When Ralph Reader formulated what was to become a Gang Show in 1932 something he did not want it to be labeled was a concert. In those days, the typical form of entertainment produced by amateurs was a concert – a series of acts introduced by a compare who covered while the scenes were changed. Ralph had just been to America where he was involved in producing fast moving revues and musicals.
What a Gang Show has become first of all is a fast moving revue – a series of big musical numbers interspersed by small musical numbers and sketches, the whole thing moving swiftly from scene to scene without a break. This is achieved by having mid-stage tabs brought across or cloths dropped in and out to allow items to take place front of tabs and therefore to allow the show to happen seamlessly. The second thing which makes a Gang Show is of course the fact that it is performed by Scouts with the emphasis on showing off the talent of the younger members of The Movement. Many shows, of course, also involve members of the Guide Movement, but Gang Show is essentially a Scout entertainment.

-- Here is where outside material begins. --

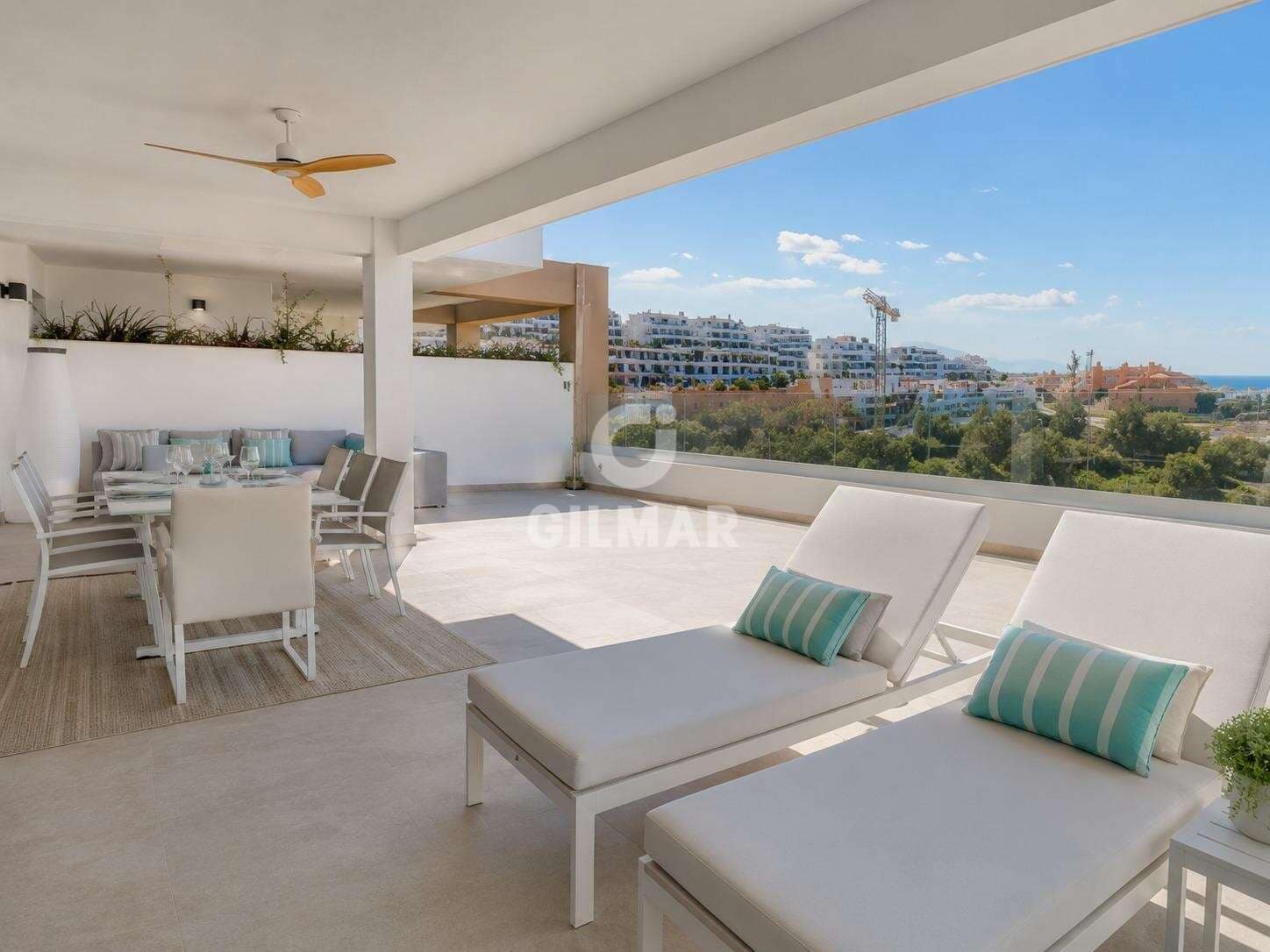 3 chambre Appartement à vendre à Estepona avec garage - 1 100 000 € (Ref: 9816281)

As Districts, Areas / Counties and Groups became inspired around the country to follow the London Gang Show and perform their own shows, they were allowed in turn to use the term Gang Show because they were fulfilling these basic principles. One other important factor which made a show a Gang Show in the early days was that all the material used in a Gang Show was written by Ralph himself. As time has gone on, shows have gradually dropped Ralph’s material in favour of more modern material. Some of Ralph’s material, if well presented and/or brought up to date (within the guidelines suggested by Ralph), can still come across well to a modern audience.

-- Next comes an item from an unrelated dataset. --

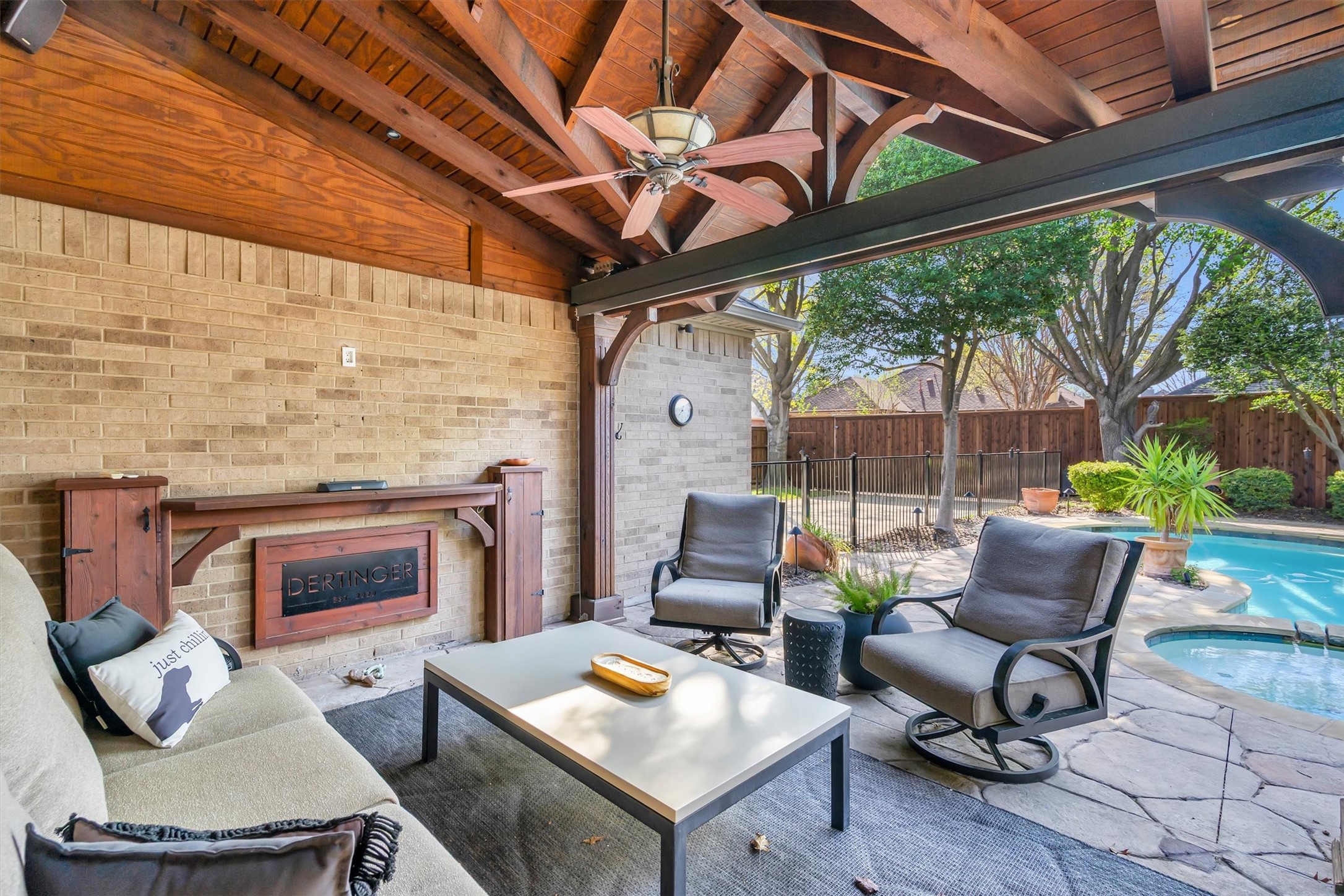 5501 Plantation Lane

However, it is now left up to each show to decide how much of Ralph’s material they should include. It is believed that Ralph, as a pioneer in musical theatre, would not have wanted Gang Shows to stand still and would have himself withdrawn a lot of his own material as being out of date. However to ensure that his name is kept alive, each Gang Show is requested to included in their programme Based on idea by the late Ralph Reader C.B.E.. These then are the basic elements which make a Gang Show and any show which follows these can use that title. In order to increase the degree of professionalism in Gang Shows, Ralph introduced the award of the red scarf. Those shows which have met this standard of professionalism have been awarded their own red scarf. The requirements for this are laid out in the Scout Association’s Factsheet, Gang Show Standards.
Finally, the term Gang Show, like the song Crest Of A Wave, was not invented right away. It was while Ralph was rehearsing one of the early shows that he asked if everyone was present. A cheeky Scout replied, Aye, Skip. The Gang’s all here, and that’s how the posters went up.